But in the meantime Rossdale river flats became a busy industrial and crossing point for the ferry. It became crisscrossed by roads after the first bridge across the river, part of today's Low Level Bridge, was built in 1900. The old Native encampments in Rossdale soon became a thing of the past, and it is likely that the McDonald family ached for the long-gone days when the HBC workers and Natives were the main local inhabitants.
Joe and wife Marguerite lived in their log cabin on Saskatchewan Drive for more than 50 years.
When he died in 1921, he was the oldest resident of Edmonton. Former gold-panner James Gibbons then became the oldest living resident of the city. Gibbons (1839-1933), like Joe McDonald, had come to stay in Edmonton in 1865, about 60 years earlier. (Joseph McDonald obit., EB, July 18, 1921)
Joe is buried in Mount Pleasant Cemetery (gravesite B 63-1). (But Margaret's grave does not appear to be nearby.)
Joe was survived by Marguerite and five children.
Two daughters: Lissie at home, Mrs. John McLeod
Three sons: J.C. "Jockie" of Edmonton, Henry in BC, Donald McDonald of Slave Lake.
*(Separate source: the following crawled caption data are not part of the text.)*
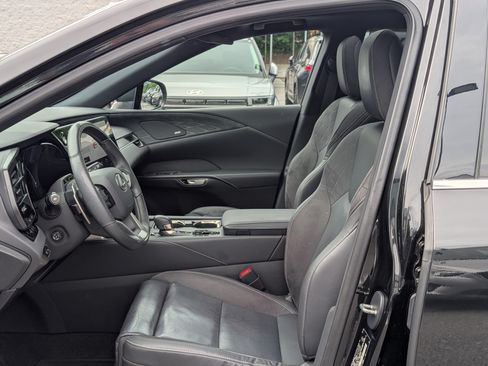 Used 2024 Lexus RX 350 AWD w/ Convenience Package image 17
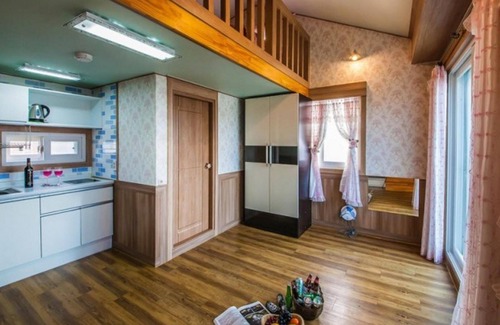 Samdong-myeon Casa | Namhae Rising Sun Landscape Pension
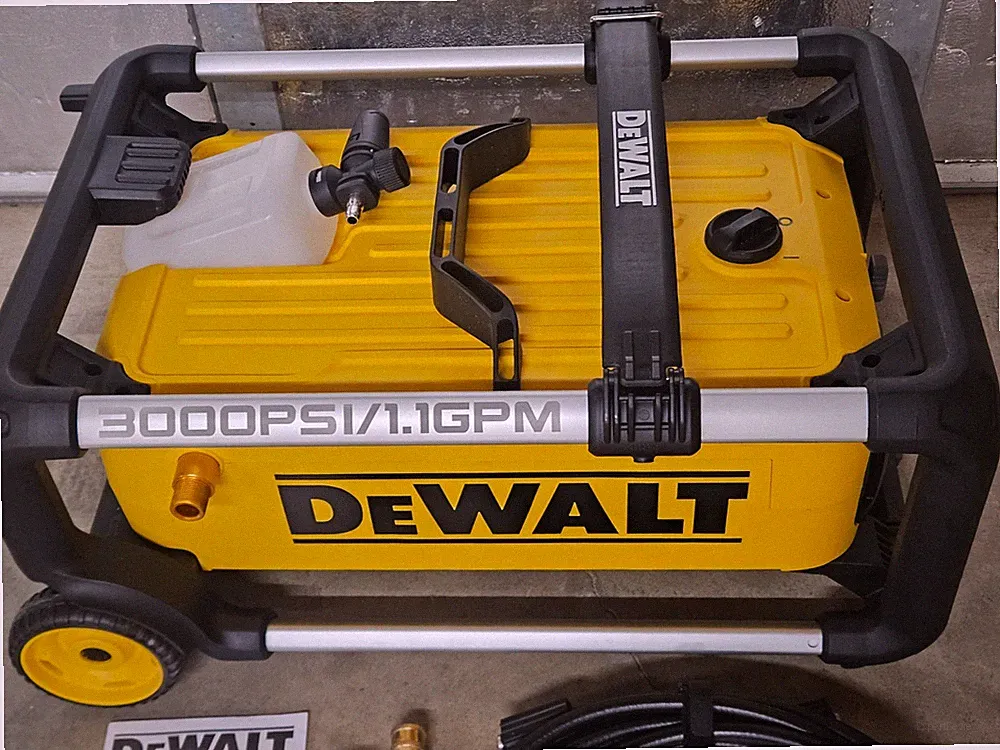 DeWalt 3000 PSI 1.1 GPM Electric Cold Water Pressure Washer Model# DWPW3000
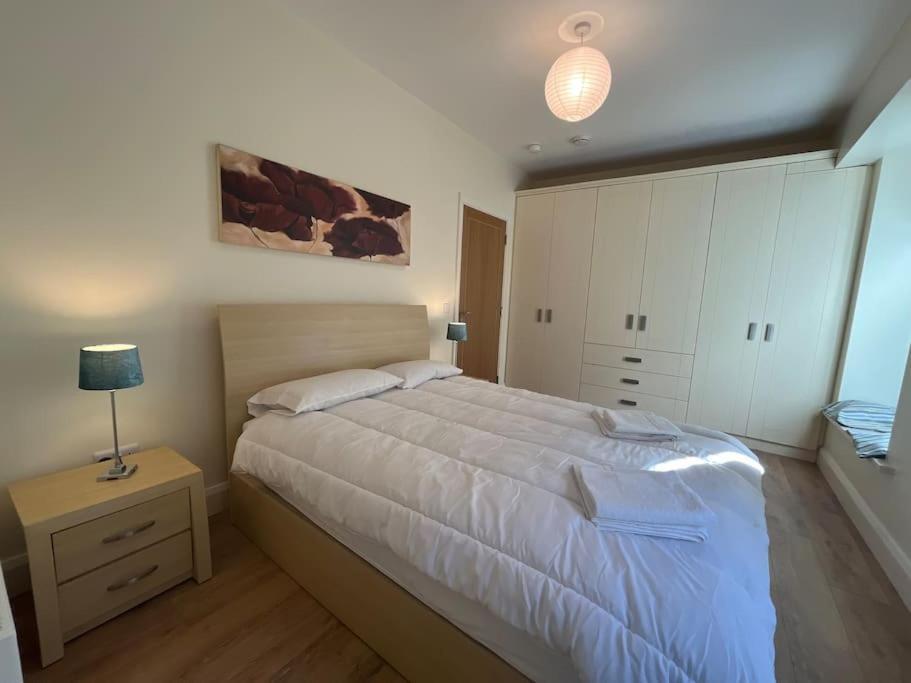 City Beach Gem 5 Adult Spaces Plus Child Dublin Exteriör bild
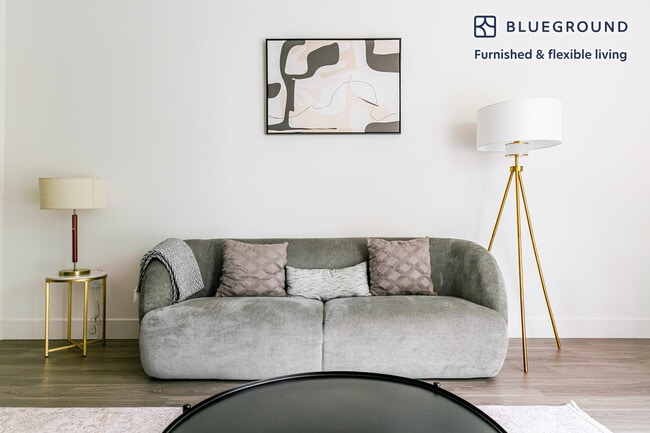 2280 W El Camino Real in Mountain View, CA - Foto de edificio - Building Photo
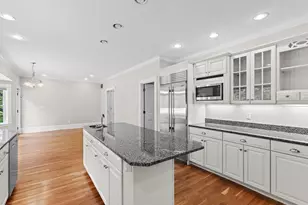 27 Carriage Dr, Lexington, MA 02420 - Photo 11
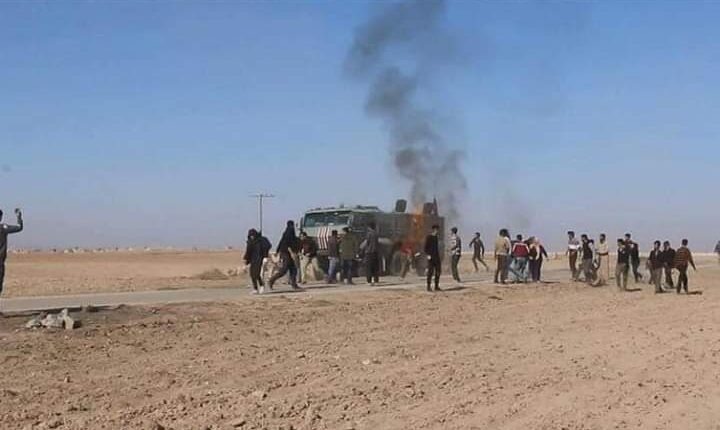 شبان يضرمون النار بمدرعة روسية في الدرباسية شمالي الحسكة - متداول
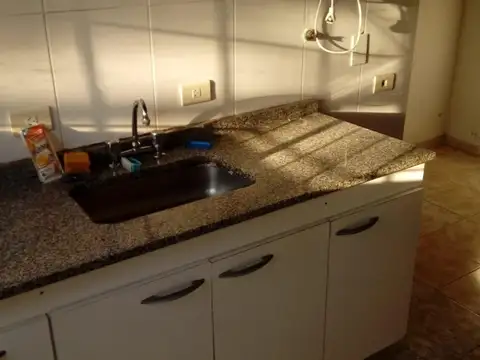Depto Tipo Casa en Alquiler de 3 ambientes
His pallbearers were a who's who of old Whyte Avenue: A.J. McKenzie, James Inkster, Frank Cowles, Joseph Prokop and John McLeod (probably his son-in-law).
Their old log house was long ago torn down. There are no memorials to the McDonald family. But from the old house site on the edge of the high lands, the view of the river is the same as when Joe and Margaret moved to the southside about 150 years ago.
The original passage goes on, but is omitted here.